Upon Barrick’s acquisition of 100% of Placer Dome, Goldcorp has agreed to acquire Placer Dome’s interests(2) in the Campbell, Porcupine, and Musselwhite gold mines in Ontario and the La Coipa silver mine in Chile, as well as Placer Dome’s Canadian exploration and reclamation properties. Goldcorp also has agreed to acquire a 40% interest in the Pueblo Viejo development project in the Dominican Republic. The total purchase price for these interests will be approximately $1.35 billion payable in cash on closing, subject to specified purchase price adjustments.

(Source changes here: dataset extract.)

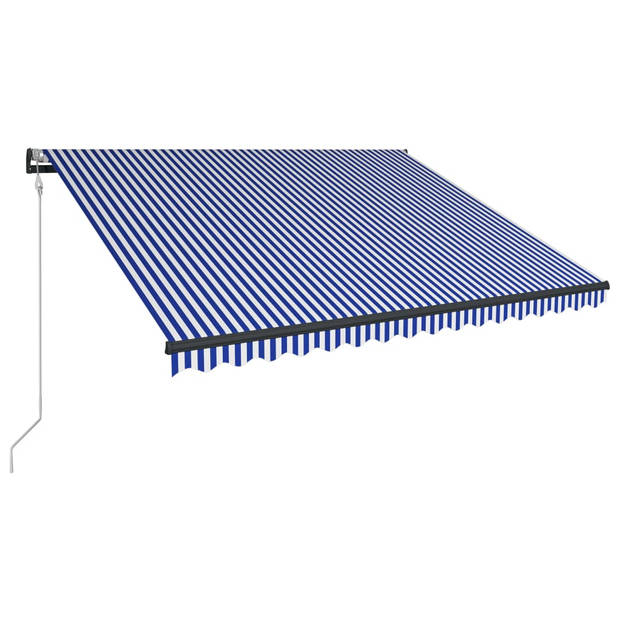 vidaXL Luifel met windsensor en LED 450x300 cm blauw en wit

Goldcorp’s Chief Executive Officer, Ian Telfer, said: “We believe that our partnership with Barrick adds a unique element to Barrick’s offer for Placer Dome. Together, we have been able to create further value by bringing additional synergies to the proposed transaction, and we at Goldcorp will have acquired additional quality operating assets and gained the gold industry’s premier mine builder as a joint venture partner in a significant development project.”

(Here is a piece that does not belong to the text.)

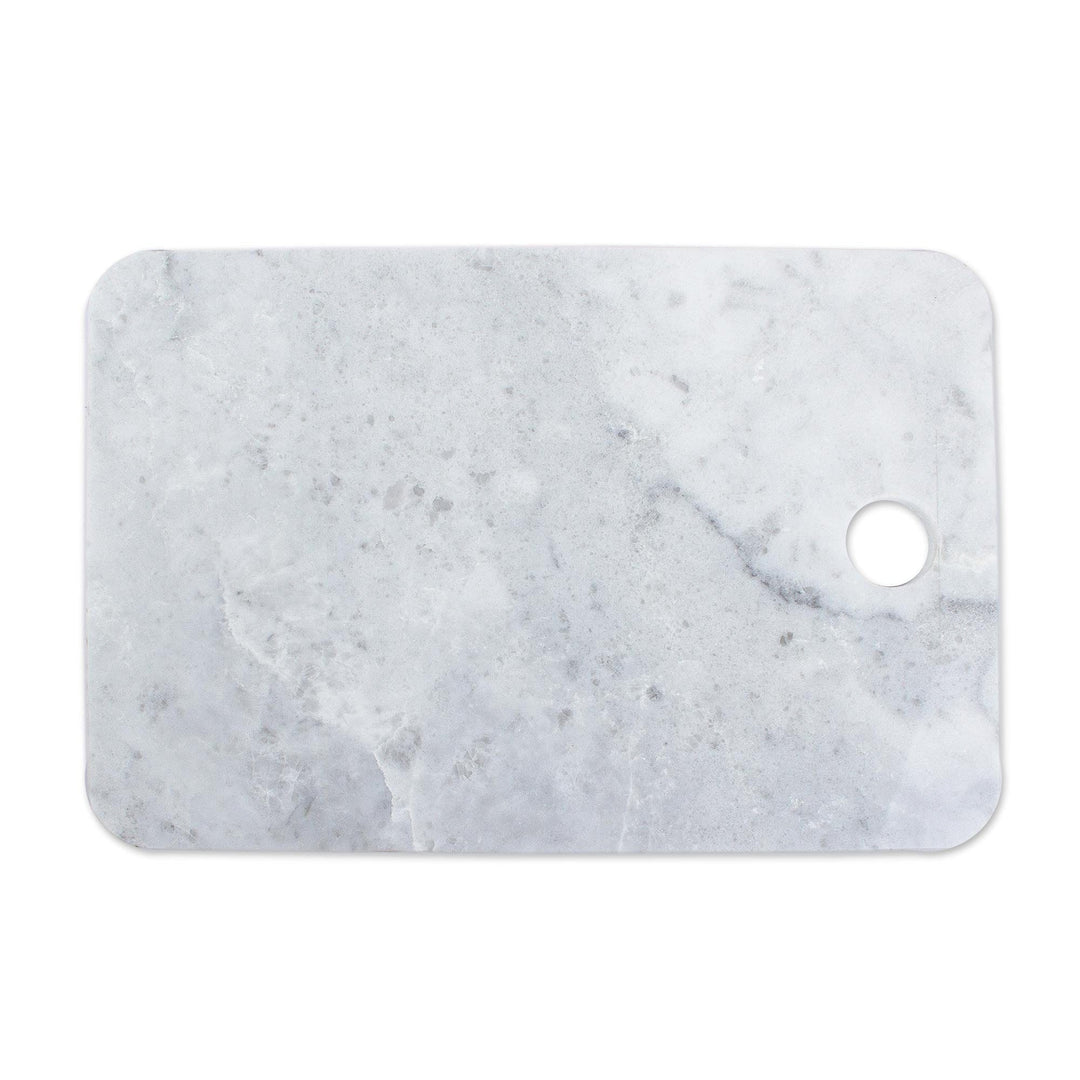 White and Grey Marble Cutting Board Handmade in Mexico - Mesa in White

Barrick’s CEO Greg Wilkins added: “We believe that our offer represents a compelling opportunity for Placer Dome’s shareholders. It is also an exciting opportunity for Placer Dome employees, whose dedication and skills we value highly. We look forward to working with them in realizing the potential growth of the combined Company.”

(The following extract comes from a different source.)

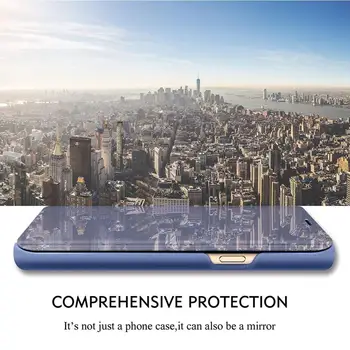 Veidrodis Smart Case For Samsung Galaxy Note 20 S20 Ultra S10 10 Pastaba Plus A51 A71 A21 A31 A41 A11 Aiškiai Matyti PU Odos Flip Cover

After the completion of the acquisition, Barrick will remain headquartered in Toronto, Canada, and will consolidate an exploration/technical services office in Vancouver, building on Placer Dome’s existing technical services group. Barrick will adapt its regional business unit structure to its new geographic profile by reconfiguring some units and increasing their total number to five:
North America,
South America, Australia/Asia, Africa, and Russia/Central Asia.

Full details of the offer will be included in the formal offer and take-over bid circular to be mailed to Placer Dome shareholders. Barrick will formally request a list of Placer Dome’s shareholders today and expects to mail the take-over bid documents to Placer Dome shareholders as soon as possible following receipt of the shareholders list. The offer will be open for acceptance for 35 days following the date of the mailing. The offer will be subject to certain conditions of completion, including receipt of all necessary regulatory clearances, absence of material adverse changes and acceptance of the offer by Placer Dome shareholders owning not less than two-thirds of the Placer Dome common shares on a fully-diluted basis. Once the two-thirds percentage acceptance level is met, Barrick intends, but is not required, to take steps to acquire all outstanding Placer Dome common shares.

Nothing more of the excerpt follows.